Another very important point is that our instruments are still in operation,without any break. We are very near to a complete year of data, two weeks missing yet. This is a great succes - having these kind of instruments in operation, only by remote control, without human direct maintenance, in these harsh environmental conditions and mainly sustained by renewable energies, is quite unique. This also means that we have already a very nice data set for our main scientific project AEROCLOUD at the station. The graphic above shows the monthly means of total particle concentration (in number per cm3) for November 2014 ('1') to October 2015 ('12'). The blue bars are the medians and blue and red together give the average value. Also the error bars are given. As already told in my last post, a nice seasonal cycle can be seen, also the influence of some events during which the number concentration increased distinctly (what causes that the median and average values differ markedly). The increase from August to October is very steep and the concentration for October is relatively high, especially when comparing with the concentrations during the summer months December to March. There have been several events during which the concentrations increased to some thousands of particles per cm3. There is a lot of promising information to be exploited scientifically. So, as the season is about to start, I will try to update this blog regularly.

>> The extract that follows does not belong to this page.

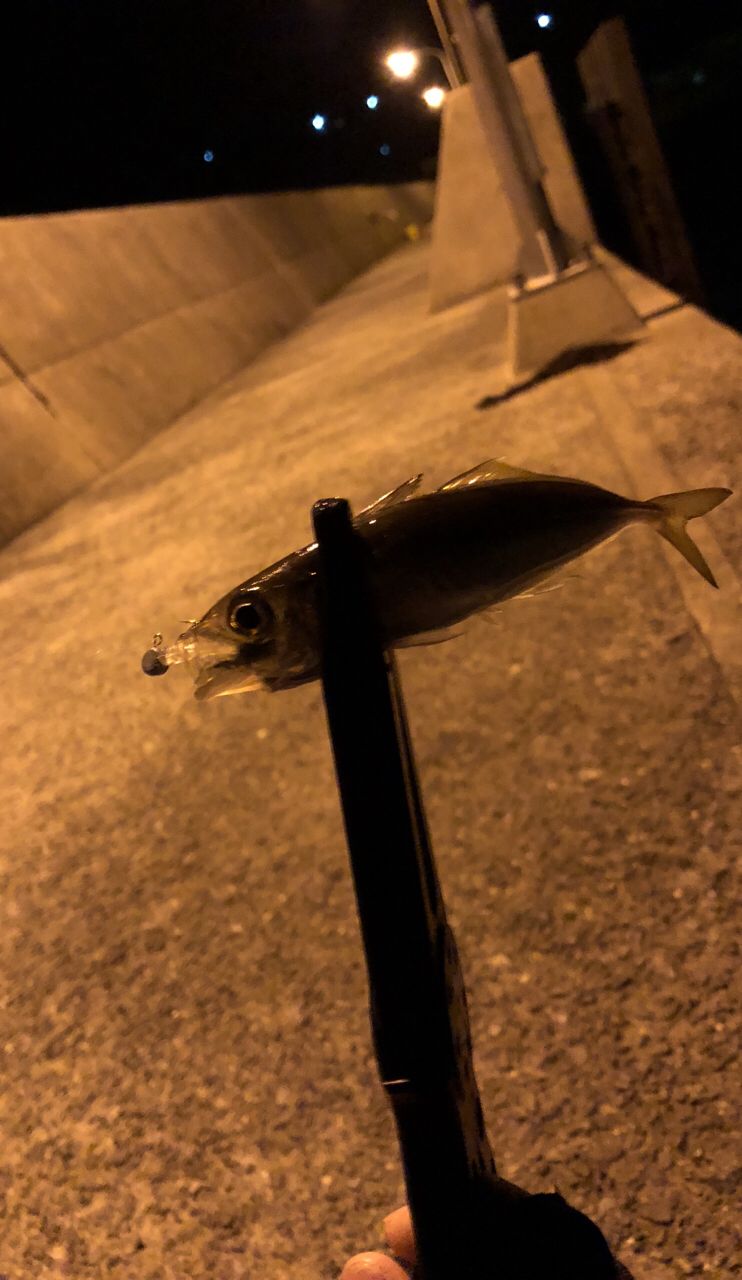 アジ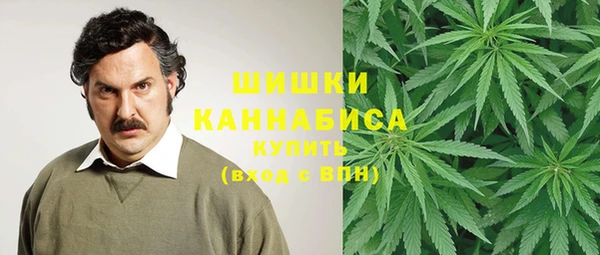 соль курить ск Горнозаводск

Thursday, 3 September 2015

Record for duration of data time series



We are now in September, this means deep winter in Antarctica is over and more and more sunshine is coming back. There is already more than 10 hours sunlight per day at Utsteinen. And the instruments are still operational, without any break since the last team left Utsteinen in February !! This means a new record. The longest period for continuous aerosol data until now has been from November 2013 until the morning hours of 1 September 2014. This is great news and many thanks have to go to the team members who prepared the station’s energy system for the uninhabited period (and who are supervising it remotely from Belgium). But it also means that our own precautionary measures for unattended instrument operation are paying out. Now let’s hope that it keeps going until another BELARE expedition team arrives at Princess Elisabeth station.

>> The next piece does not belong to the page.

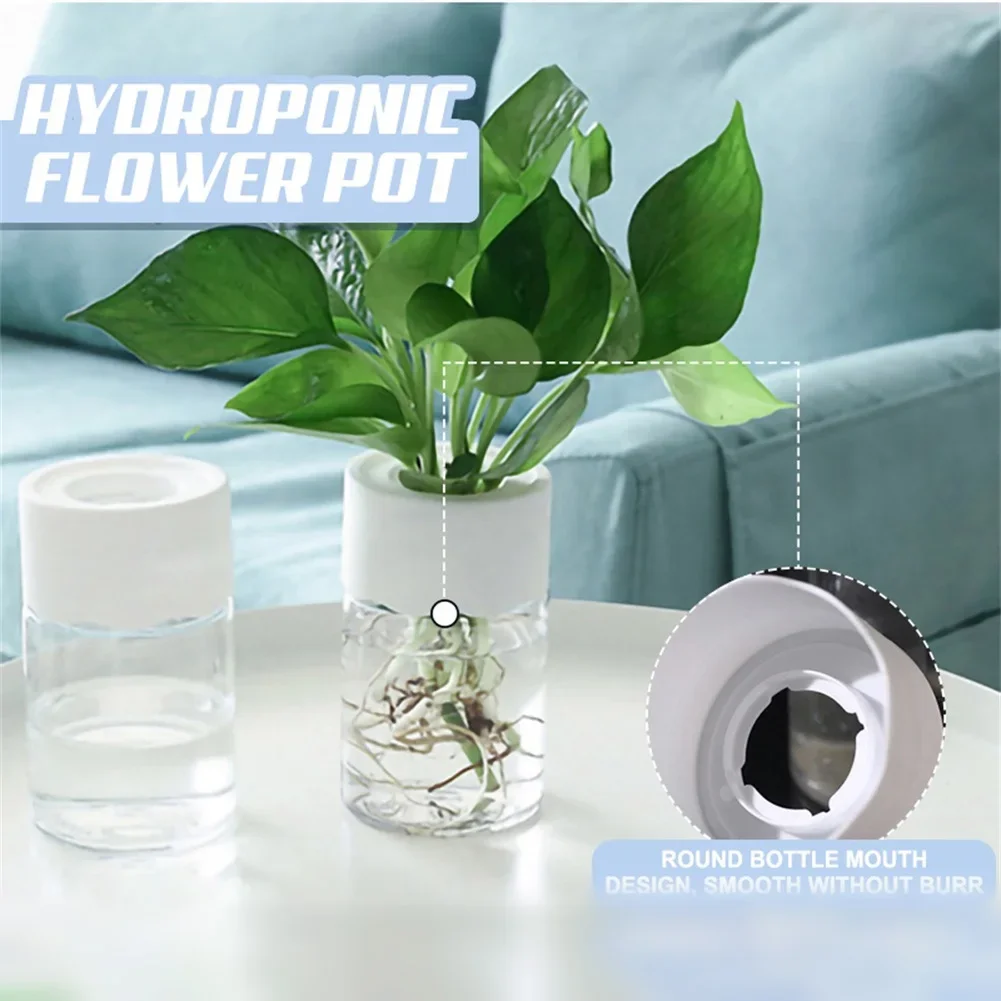 Pot Bunga Hidroponik Mini Tran - Aloe Vera Pot ulasan dan harga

Particle number per cm3 at Utsteinen from November 2014 to August 2015
 
The figure shows the time series of the particle number concentration from November 2014 until end of August 2015. The data are cleared of any contamination. It can be seen that from November to March the mean concentration was around some hundreds of particles per cm3, with a peak around end of February/beginning of March. The mean number concentration decreased afterwards to reach a minimum in June, July. In August, number concentrations started to increase again. During June and July, the number concentration fell to some tens of particles per cm3. During austral winter, the Antarctic vortex, the atmospheric circulation, forms a quasi-barrier for air masses from lower latitudes. Also during winter, there is hardly any sunlight for driving photooxidative aerosol chemistry and there is a general lack of precursor gases for new particle formation and condensational growth of particles. However, over the whole time period, there were several events, when the number concentration increased distinctly over very short periods of time, often to some thousand particles per cm3. Most probably, these periods reflect the influence of air masses transported to Princess Elisabeth station via synoptic scale events (cyclones, transporting air masses from easterly directions, including maritime origin), indicate entrainment of air masses from the higher troposphere, or indicate periods when new particle formation could be detected at PE.